Hülya Avşar ve nefret objesi olmaya çalışmak
Son günlerde Hülya Avşar'ın iki çıkışı ile karşı karşıya kaldık.
Biri, türkücü İbrahim Tatlıses'e verdiği destekti. Bildiğiniz gibi türkücü İbrahim Tatlıses'e 5 Aralık dünya Kadın Hakları Günü'ne denk gelen Altın Kelebek ödül töreninde 'Yaşam Boyu Onur Ödülü' verildi. Bu da tepkilere yol açtı, çünkü Tatlıses'in hayatı, kadınlara yönelik şiddetle doluydu.
Hülya Avşar çıktı, Tatlıses'e destek açıklaması yaptı ve "Ona onur ödülü değil, onurun onurunun onuru ödülü verilmelidir" dedi.

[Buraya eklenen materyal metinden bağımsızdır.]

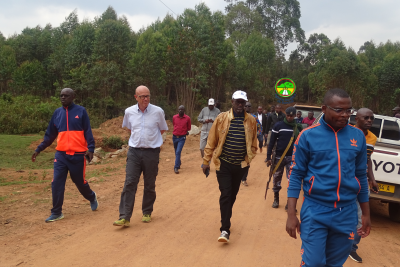 Visite du Ministre des Infrastructures de l'Equipement et des Logements Sociaux sur la RC:Matana-Songa-Ndago-Bururi sur la rivière Kibarazi I 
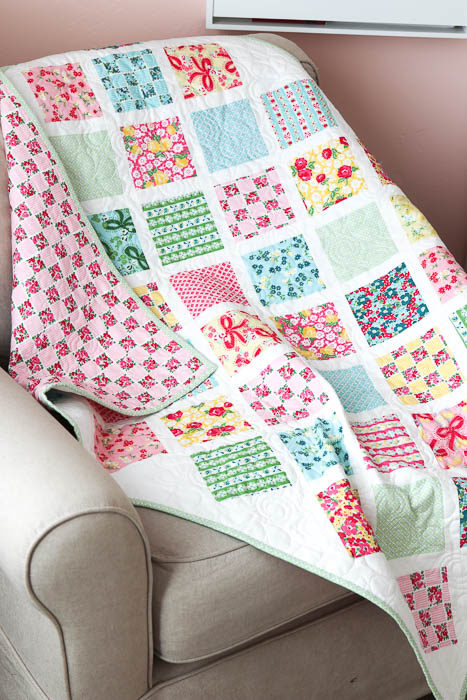 Lattice Baby Quilt Tutorial featured by top US quilt blog, Diary of a Quilter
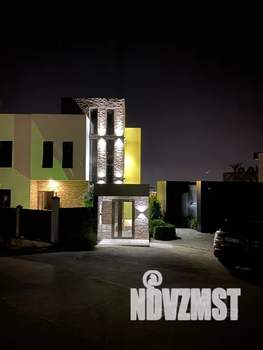 Дом 35м&sup2;, 3-этажный, посуточно, 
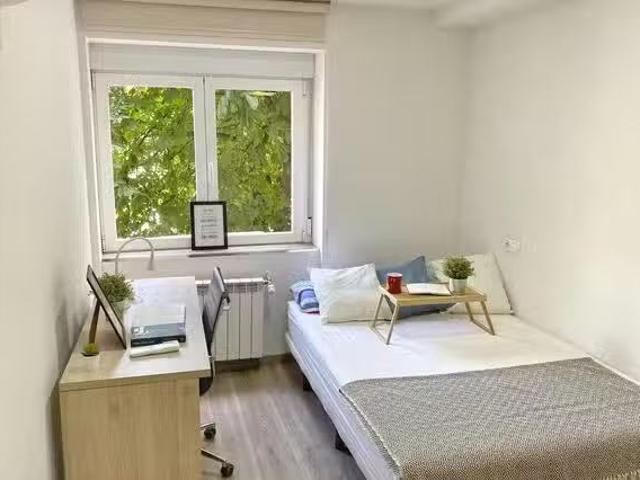 Único Habitación en Calle del Alcalde López Casero, Quintana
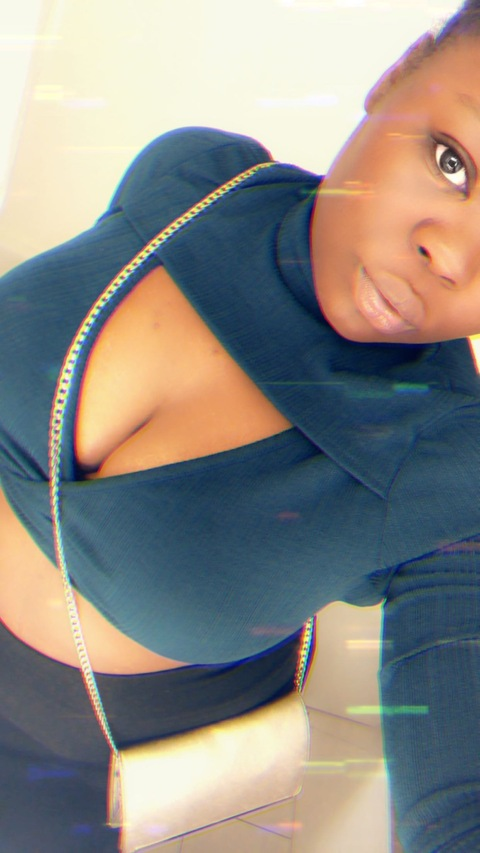 closetfreakum header picture leakfans.com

İkincisi de, ekonomiye yönelik açıklamaları oldu. Türkiye büyük bir ekonomik krizden geçerken, "Gerekirse simit yiyeceğiz" gibi sözler etti. Sıkıntı çeken geniş kitleler, hiç bir zaman 'simite' muhtaç olmayacağını bildikleri birinden gelen bu sözlere tepki gösterdiler.
Bazen insanları anlamak çok zorlaşıyor.
Hülya Avşar gibi, Türkiye'nin son 40 yılında, iyi ya da kötü, pek çok başarıya imza atmış biri niye kendini belli konulara angaje edip, tartışma konusu yapmak ister?
Amaç, gündeme gelmekse, el hak, Hülya Avşar bunu başardı. Hem de bir ay içinde iki kez başardı. Hem Tatlıses sözleriyle, hem de simit sözüyle iki kez gündeme geldi.
Eminim iki sözü de twitter'da en çok tartışılan konular listesine girmiştir.
Peki Hülya Avşar memnun mu bu durumdan?
Gerçi rahmetli Zeki Müren, "Reklamın iyisi kötüsü olmaz" diyordu ama herhalde bundan, 'Toplumun zıddına gidin, damarına basın, kendinizi nefret objesi yapın" anlamını çıkarmıyordu.
Bazı şeyleri tartışmaya gerek yok.
Örneğin bir gazeteci, ekran önünde de, arkasında da, başka yerde de, kendi meslektaşına tokat atmaz. Muharrem Sarıkaya benim de eski iş arkadaşımdı ama yaptığı yerden göğe kadar büyük bir yanlış.
Örneğin Güler Sabancı gibi bir iş kadını, önüne arkasına bakmadan, ekran önünde, başarısı tartışmalı bir siyasetçiyi, kahkahalar atarak savunmaz, sonuçta siyasetçinin başarısızlığı ortaya çıkarsa, bunun Sabancı hanesine de yazılacağını tahmin eder.
Bir işadamı telefonla konuşurken bile, 'milletin bilmem neresine koyacağız' demez.
Ya da eski bir futbolcu, bir şekilde girdiği Türkiye Büyük Millet Meclisi'nde yumruk gösterileri ile gündeme gelmez.
İletişim önemli bir iştir.
Ve toplum önünde olan insanların, iletişimi ciddiye almaları gerekir.
Amerika'da yaşananları unutmayın.
Bir zamanların Hollwood patronu, istediğini bir parmak işaretiyle dünyaca ünlü yıldız yapabilen milyarder yapımcısı Harvey Weinstein'in ne hallere düştüğünü gördük.
Aynı şekilde bir zamanlar, Amerikan Başkanları ve İngiltere Prensleri ile yatıp kalkan, özel adalarda, özel jetlerde dolaşan Jeffrey Esptein'in sonunun nasıl geldiğini hepimiz biliyoruz.
Günümüz iletişim çağı, söylediğiniz her şeye, her davranışınıza dikkat edin, bazı şeylerin faturası ağır olur.